Il copista come autore

Spesso ci dimentichiamo che, ad eccezione di alcuni frammenti di testi scritti da letterati poco noti e conservatisi su papiro, di tutte le altre opere composte nel corso dell’età classica e - come si dice - “giunte fino a noi” in realtà non ne possediamo alcuna in versione originale. Occorre, dunque, rendere merito al copista se oggi noi possiamo leggere e assumere conoscenza di trattati filosofici, cronache storiche, commedie e tragedie, poemi e liriche, orazioni ed epigrammi che dall’antichità greca e romana sono riusciti a sopravvivere fino all’epoca in cui la loro salvezza fu presa in carico dai tipografi. Ma vi è un aspetto ancor più importante a cui non pensiamo affatto. Ovvero che il copista, nello svolgimento della sua preziosa funzione di traghettatore di opere classiche, di fatto si è comportato non propriamente come un mero trascrittore, ma piuttosto come un autore. Dunque, il copista sarebbe il vero autore dei testi che ci ha tramandato? Secondo l’autore sì, perché le parole che li compongono sono passate prima attraverso il vaglio della sua testa, poi sono state messe in salvo grazie alla destrezza della mano nel tener dietro alla dettatura interiore. Lo stesso Borges, nel comporre il racconto Pierre Menard, autore del "Chisciotte", concepisce una situazione mentale identica a quella del copista. Il Menard dice che nella scrittura è sostenuto da due precetti spontanei ma antitetici, che gli consentono di sperimentare varianti di tipo formale o psicologico pur imponendogli di restare fedele all’opera originale. Ovvero il Menard vuole riscrivere il Don Chisciotte, ma alla fine lo ricopia. L’operazione messa in atto si rivela complessa. Egli dove essere nel XX secolo un romanziere del secolo XVII...

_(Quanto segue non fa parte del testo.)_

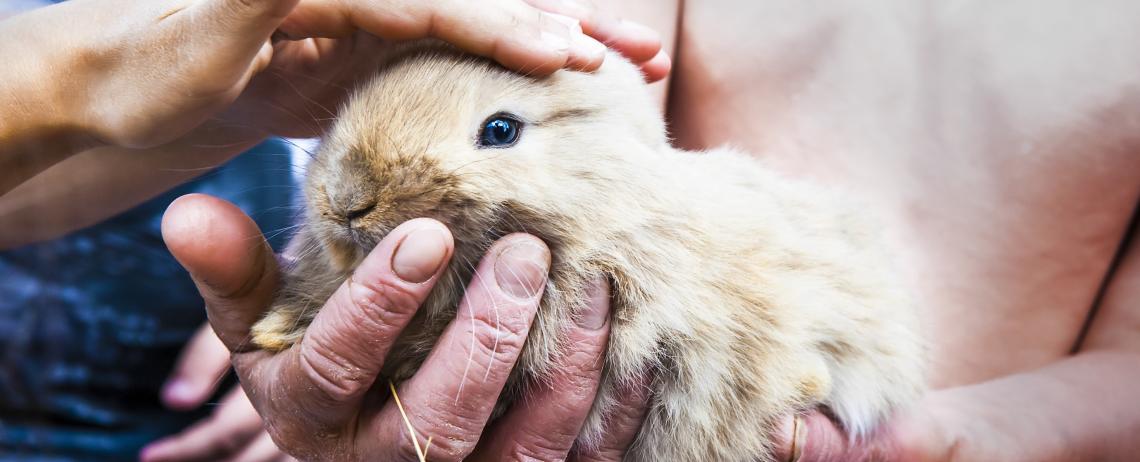 Samenwerken aan goede Meerzorg - Konijn aaien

Se Borges, mediante il concepimento del racconto Pierre Menard, autore del "Chisciotte" definisce i due risvolti dell’ambiguo mestiere del copista, Il copista come autore è uno dei libri più necessari per avvicinarsi alla storia e al significato culturale del fenomeno, allo studio e all’approfondimento della natura creativa del lavoro filologico. Pubblicato per la prima vola nel 2002, il testo era da tempo fuori circolazione. Cosicché, dato il valore prezioso in esso contenuto, siamo assai grati all’editore Sellerio di averlo dato nuovamente alle stampe in una nuova versione, arricchita da un ulteriore capitolo, in cui Luciano Canfora - esimio storico del monto classico e valente saggista critico – decide di mettere al centro del testo la componente più estrema del lavoro del filologo: quella del falsario. Ovvero di quei copisti che, sospinti dal desiderio di sottrarre i testi alle fauci voraci e obliose del tempo ma insieme avvinti dalla malia seduttiva dell’ispirazione, hanno dismesso le vesti asettiche del copista e indossato di fatto quelle di autore. Nessuna delle opere pervenute da allora fino a noi si è conservata in forma originale. Gli stessi autori le variarono più volte, al resto pensarono i copisti. Ma le indagini, condotte con la consueta acribia dello studioso da parte di Canfora, hanno uno scopo ben definito che rendono la lettura di questo libro ancor più stimolante e necessario. Appurare fin dove inizia l’utilità dell’opera del copista e dove invece l’inganno. Per tentare di mantenere il più possibile in vita il filo che ci lega in maniera rassicurante all’autore del testo che teniamo tra le mani.